[Openmp-commits] [openmp] [Libomptarget] Fix Nvidia offloading hanging on dataRetrieve using RPC (PR #66817)

Tue Sep 26 14:02:16 PDT 2023

https://github.com/jhuber6 updated https://github.com/llvm/llvm-project/pull/66817

>From bc82ee4dca9513923392118b6bc788bbb953a7e2 Mon Sep 17 00:00:00 2001
From: Joseph Huber <jhuber6 at vols.utk.edu>
Date: Tue, 19 Sep 2023 15:42:29 -0500
Subject: [PATCH] [Libomptarget] Fix Nvidia offloading hanging on dataRetrieve
 using RPC

Summary:
The RPC server is responsible for providing host services from the GPU.
Generally, the client running on the GPU will spin in place until the
host checks the server. Inside the runtime, we elected to have the user
thread do this checking while it would be otherwise waiting for the
kernel to finish. However, for Nvidia this caused problems when
offloading to a target region that requires a copy back.

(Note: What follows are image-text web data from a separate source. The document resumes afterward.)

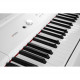 ARTESIA Цифрове піаніно ARTESIA PA88H (WHITE)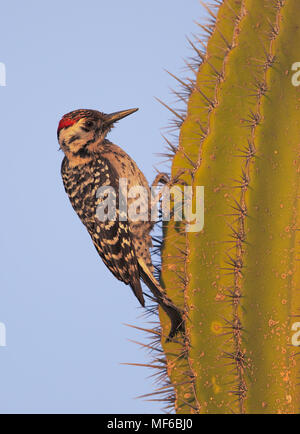 Leiter. Specht gesichert Stockfoto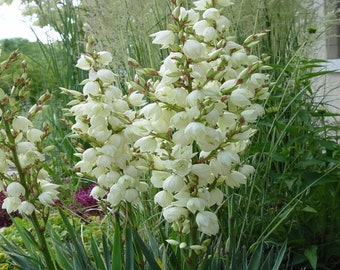 May include: A close-up of a yucca plant with multiple stalks of white bell-shaped flowers. The plant has long, green, sword-like leaves. The background includes other greenery and a glimpse of a building.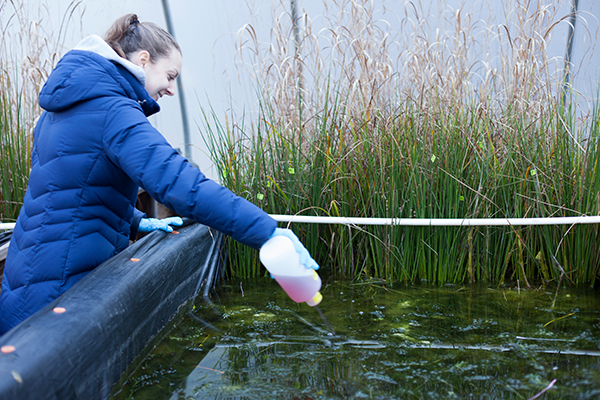 A student adding nanoparticles to the mesocosm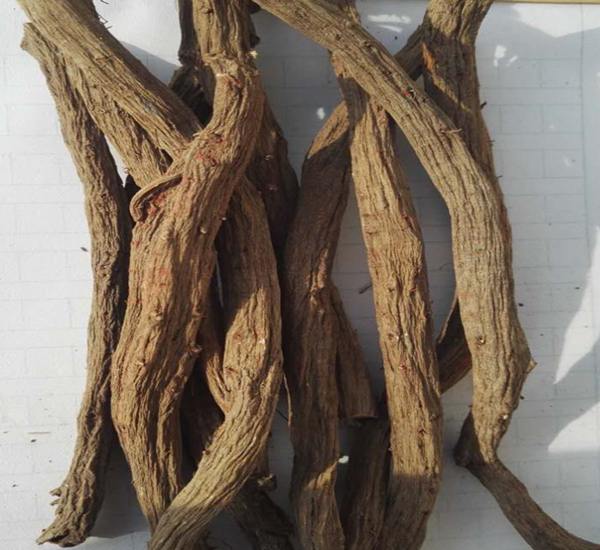샐비어 Miltiorrhiza 뿌리 분말
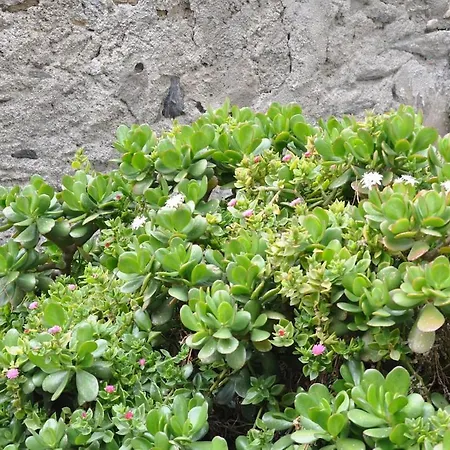 Paradiso In Riva Al Mare Apartment *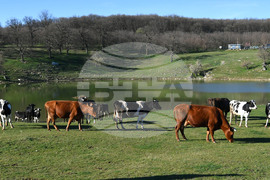 Село Старо селище - всекидневие - водопой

This is caused by the implementation of `dataRetrieve` on Nvidia. We
initialize an asynchronous copy-back on the same stream that the kernel
is running on. This creates an implicit sync on the kernel to finish
before we issue the D2H copy, which we then wait on. This implicit sync
happens inside of the CUDA runtime. This is problematic when running the
RPC server because we need someone to check the RPC server. If no one
checks the RPC server then the kernel will never finish, meaning that
the memcpy will never be issued and the program hangs. This patch adds
an explicit check for unfinished work on the stream and waits for it to
complete.
---
 .../plugins-nextgen/cuda/src/rtl.cpp          | 13 ++++++++++-
 openmp/libomptarget/test/libc/fwrite.c        | 22 +++++++++++++++++++
 2 files changed, 34 insertions(+), 1 deletion(-)
 create mode 100644 openmp/libomptarget/test/libc/fwrite.c

diff --git a/openmp/libomptarget/plugins-nextgen/cuda/src/rtl.cpp b/openmp/libomptarget/plugins-nextgen/cuda/src/rtl.cpp
index 44b8d349033c0ff..70b412a6e4cd893 100644
--- a/openmp/libomptarget/plugins-nextgen/cuda/src/rtl.cpp
+++ b/openmp/libomptarget/plugins-nextgen/cuda/src/rtl.cpp
@@ -576,7 +576,18 @@ struct CUDADeviceTy : public GenericDeviceTy {
     if (auto Err = getStream(AsyncInfoWrapper, Stream))
       return Err;
 
-    CUresult Res = cuMemcpyDtoHAsync(HstPtr, (CUdeviceptr)TgtPtr, Size, Stream);
+    // If there is already pending work on the stream it could be waiting for
+    // someone to check the RPC server.
+    CUresult Res = cuStreamQuery(Stream);
+    if (auto RPCServer = getRPCServer()) {
+      while (Res == CUDA_ERROR_NOT_READY) {
+        Res = cuStreamQuery(Stream);
+        if (auto Err = RPCServer->runServer(*this))
+          return Err;
+      }
+    }
+
+    Res = cuMemcpyDtoHAsync(HstPtr, (CUdeviceptr)TgtPtr, Size, Stream);
     return Plugin::check(Res, "Error in cuMemcpyDtoHAsync: %s");
   }
 
diff --git a/openmp/libomptarget/test/libc/fwrite.c b/openmp/libomptarget/test/libc/fwrite.c
new file mode 100644
index 000000000000000..7ffb449fee6672e
--- /dev/null
+++ b/openmp/libomptarget/test/libc/fwrite.c
@@ -0,0 +1,22 @@
+// RUN: %libomptarget-compile-run-and-check-generic
+
+// REQUIRES: libc
+
+#include <assert.h>
+#include <stdio.h>
+
+#pragma omp declare target to(stdout)
+
+int main() {
+  int r = 0;
+// CHECK: PASS
+#pragma omp target map(from : r)
+  { r = fwrite("PASS\n", 1, sizeof("PASS\n") - 1, stdout); }
+  assert(r == sizeof("PASS\n") - 1 && "Incorrect number of bytes written");
+
+// CHECK: PASS
+#pragma omp target map(from : r) nowait
+  { r = fwrite("PASS\n", 1, 5, stdout); }
+#pragma omp taskwait
+  assert(r == sizeof("PASS\n") - 1 && "Incorrect number of bytes written");
+}